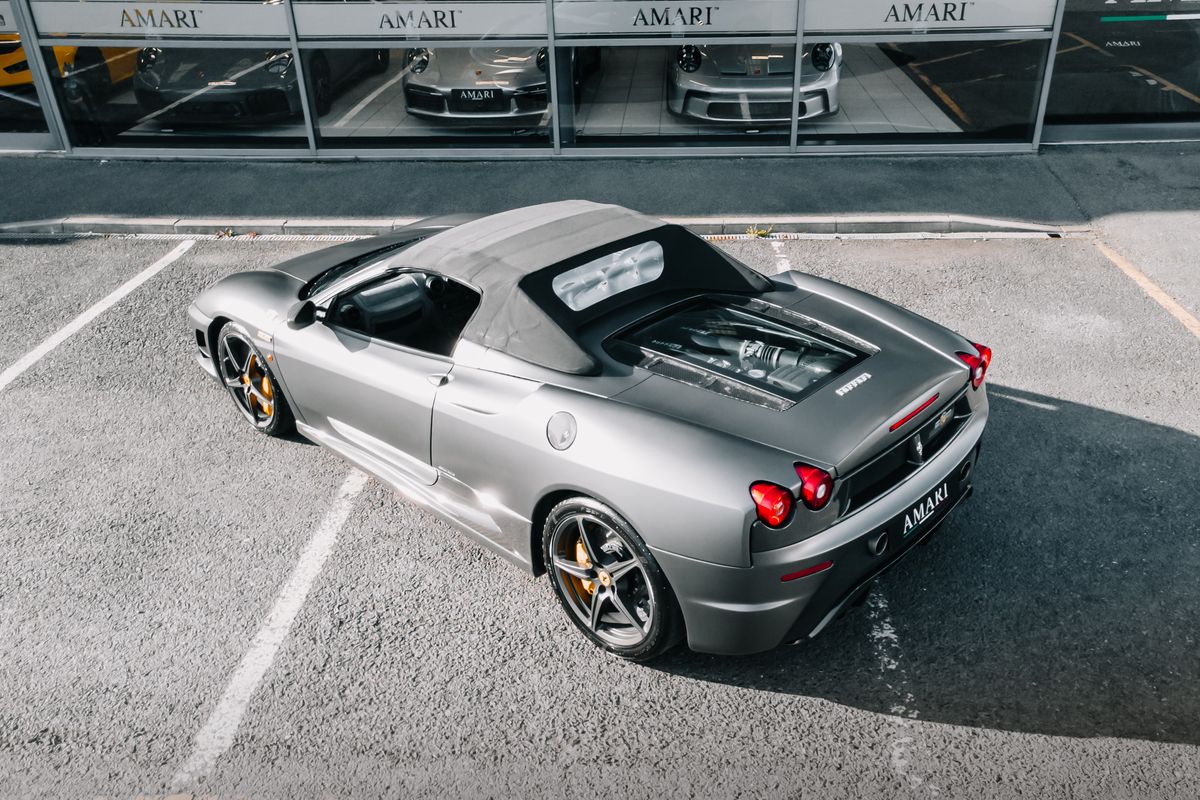 Ferrari F430 Scuderia Spider 16M - 1 of 48 UK RHD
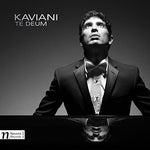 the album cover for N Kaviani / Nociar,Juraj / Martinek,Karel - Kaviani: Te Deum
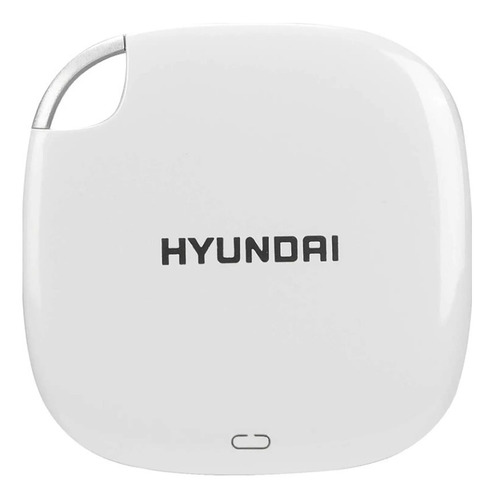 Disco Duro Externo Ssd Solido 256 Gb Hyundai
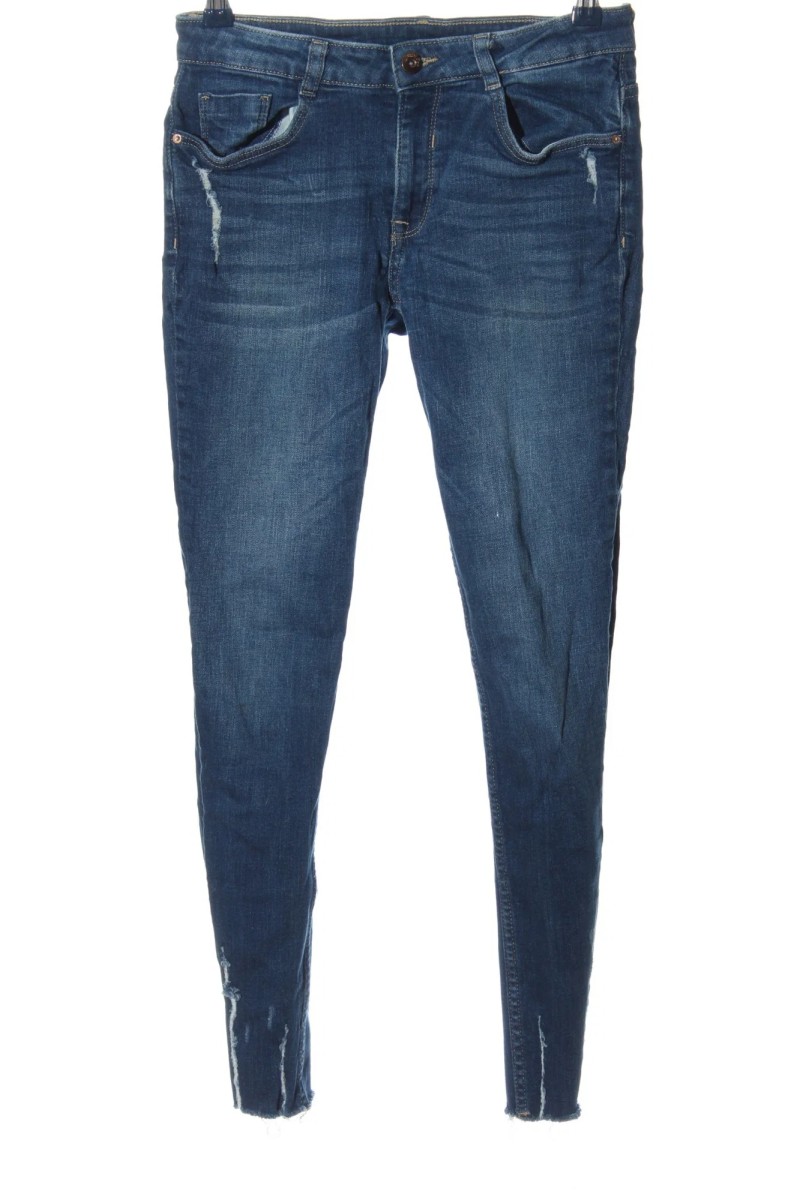 H&M Jeans Regular Fit Bild 1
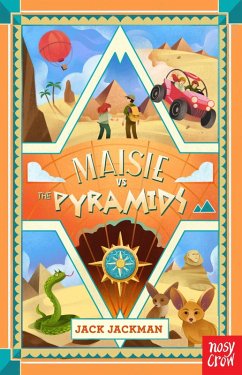 Cover Maisie vs the Pyramids (eBook, ePUB)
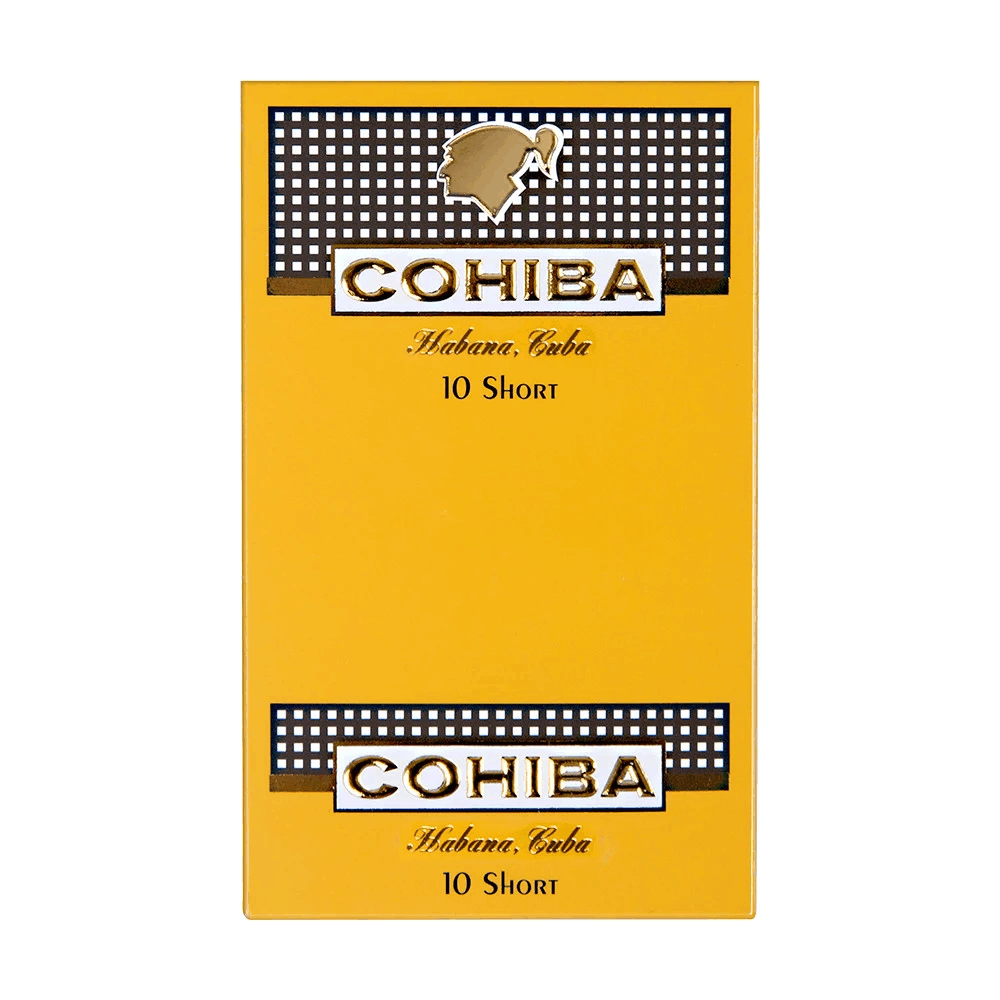 高希霸  短号   COHIBA  SHORT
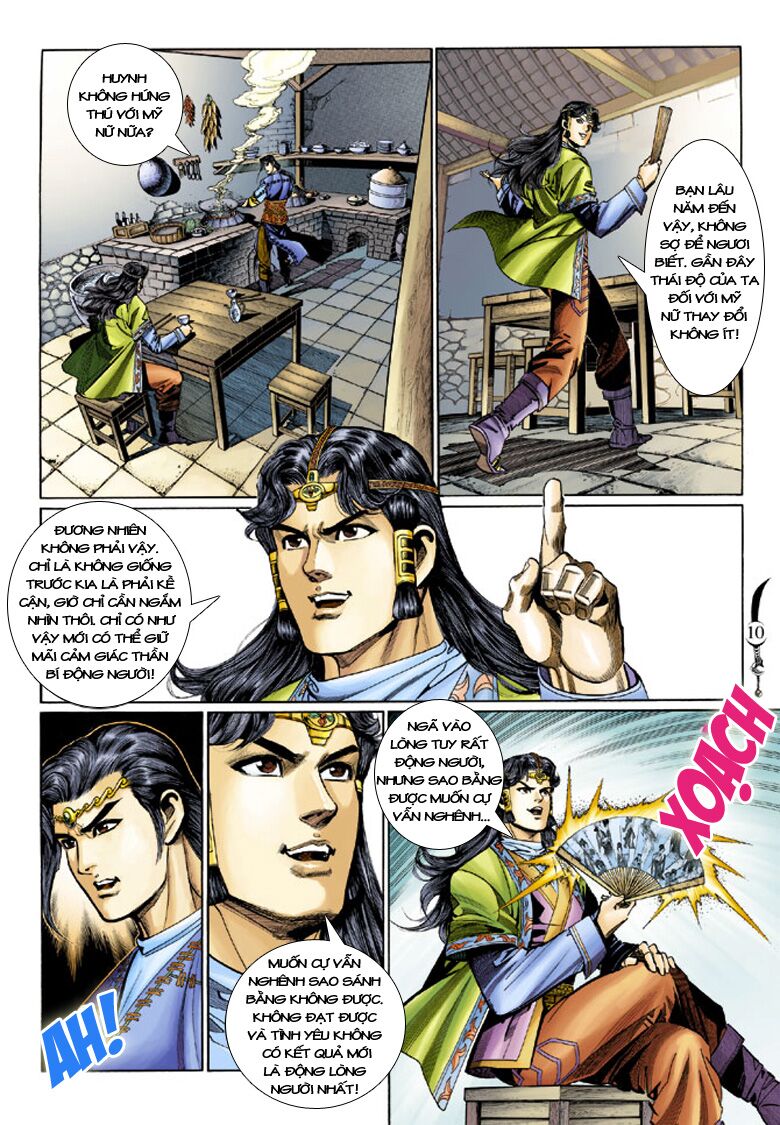 Đại Đường Song Long Truyện: Chapter 181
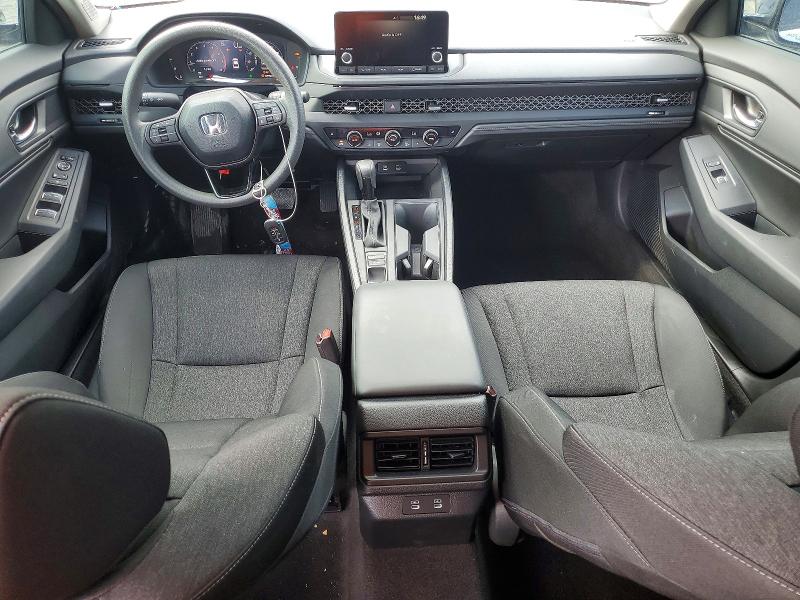 Auction sale of the 2025 Honda Accord, vin: 1HGCY1F45SA039705, lot number: 51778556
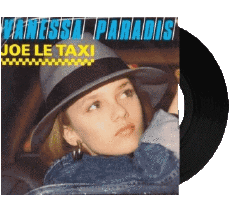 Joe le taxi-Multi Média Musique Compilation 80' France Vanessa Paradis 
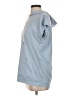 Color Thread Blue Poncho Size S - photo 5
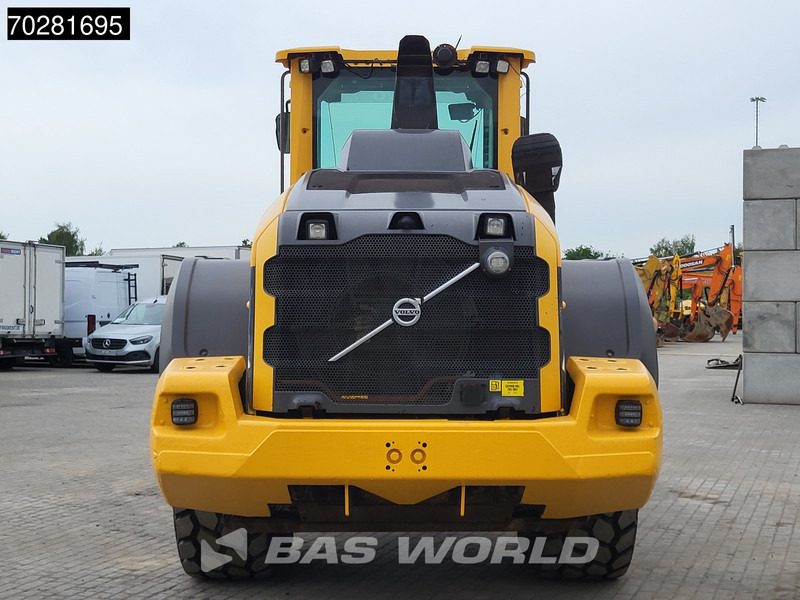 اللودر بعجل Volvo L120 H CDC - 3TH FUNCTION - QUICK COUPLER: صورة 5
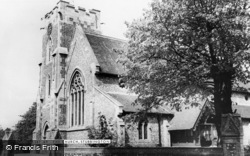 The Church c.1965, Stubbington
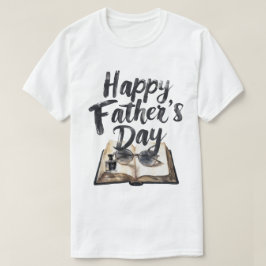 Gelukkige Vaderdag T-shirt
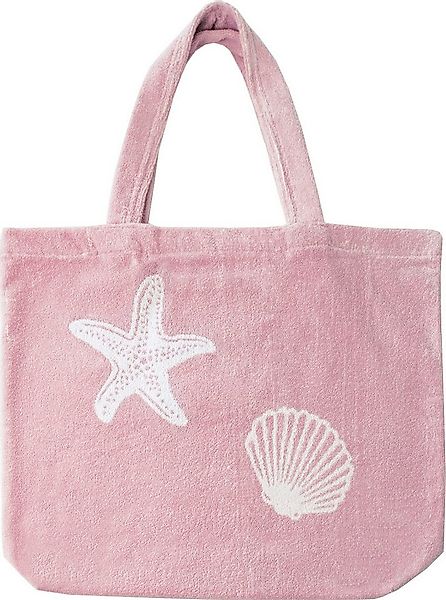 Delindo Lifestyle XL-Strandtasche XXL MIAMI, Baumwolle, leicht und faltbar, günstig online kaufen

******************************

What is needed >>
Leave the pictures out and copy exactly the lines from the one that holds "Color Thread Blue Poncho Size S - photo 5" through the last line of the material.

Answer space >>
 Color Thread Blue Poncho Size S - photo 5
 اللودر بعجل Volvo L120 H CDC - 3TH FUNCTION - QUICK COUPLER: صورة 5
 The Church c.1965, Stubbington
 Gelukkige Vaderdag T-shirt
 Delindo Lifestyle XL-Strandtasche XXL MIAMI, Baumwolle, leicht und faltbar, günstig online kaufen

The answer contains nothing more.